More than just paying homage to other people's work, however, Certified Copy also sees Kiarostami revisiting his own oeuvre as well, most notably in the way he mixes reality with illusion. While a fictional feature film, Certified Copy contains quite a few depictions of real life - the Italian locations, the relic in the museum - in a story driven by artifice and pretence.

This confluence of the real and the fake is a trademark of the Iranian director's past films. In documentaries such as Homework and ABC Africa, he is seen or heard off-screen asking questions. Close Up, a docudrama, is a re-enactment of an identity fraud, with the culprit and victims playing themselves. The feature film And Life Goes On... has a filmmaker and his son travelling through the ruins of a real earthquake, and Through the Olive Trees revolves around an actor trying to woo, in real life, his on-screen paramour - with a filmmaker documenting his travails.

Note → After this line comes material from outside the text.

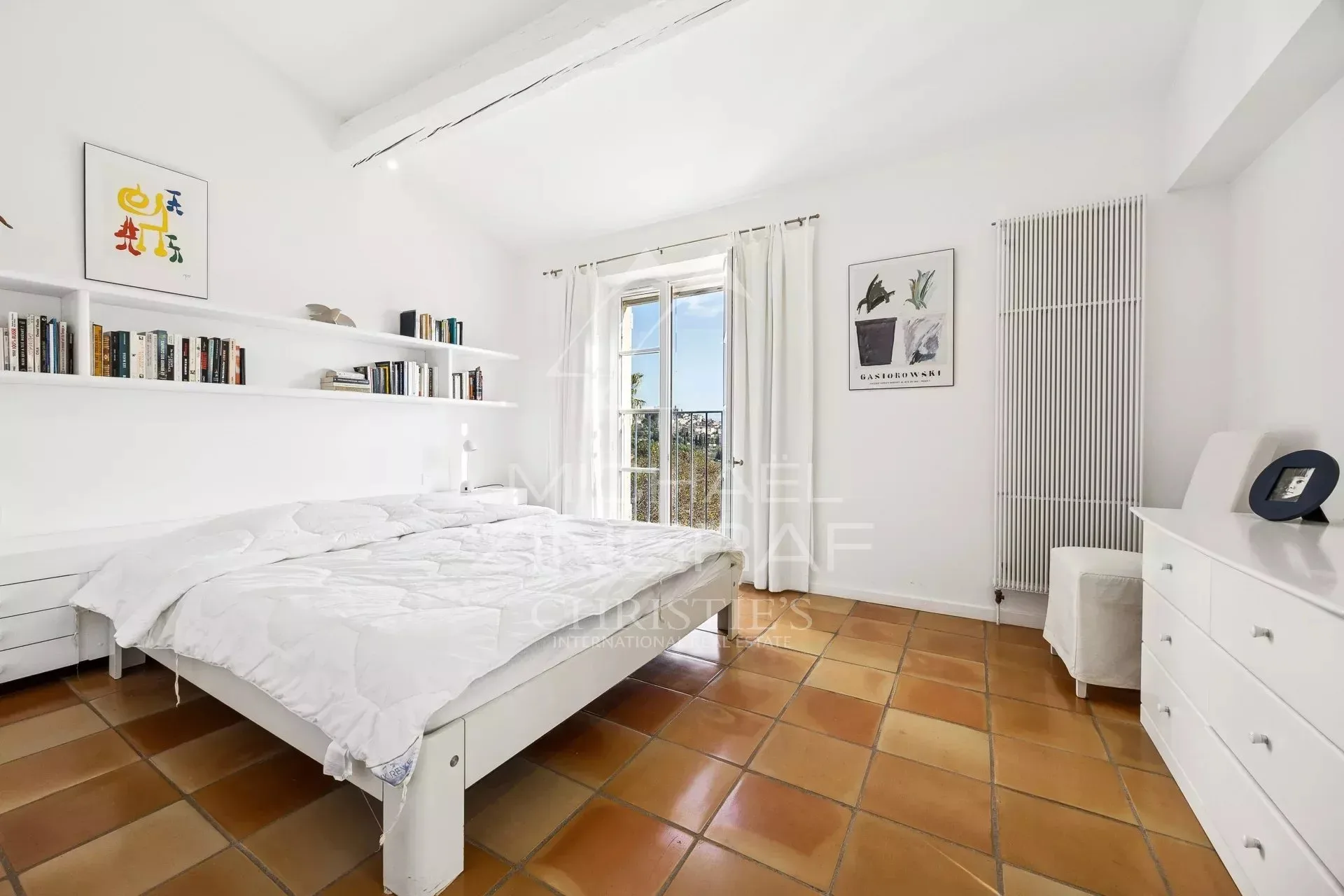 Villa de charme avec vue panoramique au cœur d’un domaine prisé - 8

Although Kiarostami accepts the crossover between fiction and reality in storytelling, he is sceptical about the sway or moral integrity an artist wields. In a style that approaches self-critique, his characters - who we can understand as avatars of himself - always come across as mildly cynical. They lack empathy towards the downtrodden and have no idea about social decorum.

In And Life Goes On... the director character doesn't seem to care that much about the many tragic stories he hears from the earthquake victims, while The Wind Will Carry Us revolves around a manipulative television producer who lies about his real reason for being in a village: he's actually waiting for a centenarian to die so that he can score a big scoop for his programme. He even pesters the local residents to go out of their way to meet his needs while he's doing it.

Certified Copy's James Miller is a similar character. He's arrogant, he appears late at his book launch, and even takes a phone call during his own speech. These are probably copies of Kiarostami himself, with the flaws magnified to highlight how art can try, and perhaps fail, to change the world.

Or perhaps it's an artistic game to test the blurry boundary between fact and fiction - an act which has caught Binoche by surprise, and perhaps audiences worldwide too.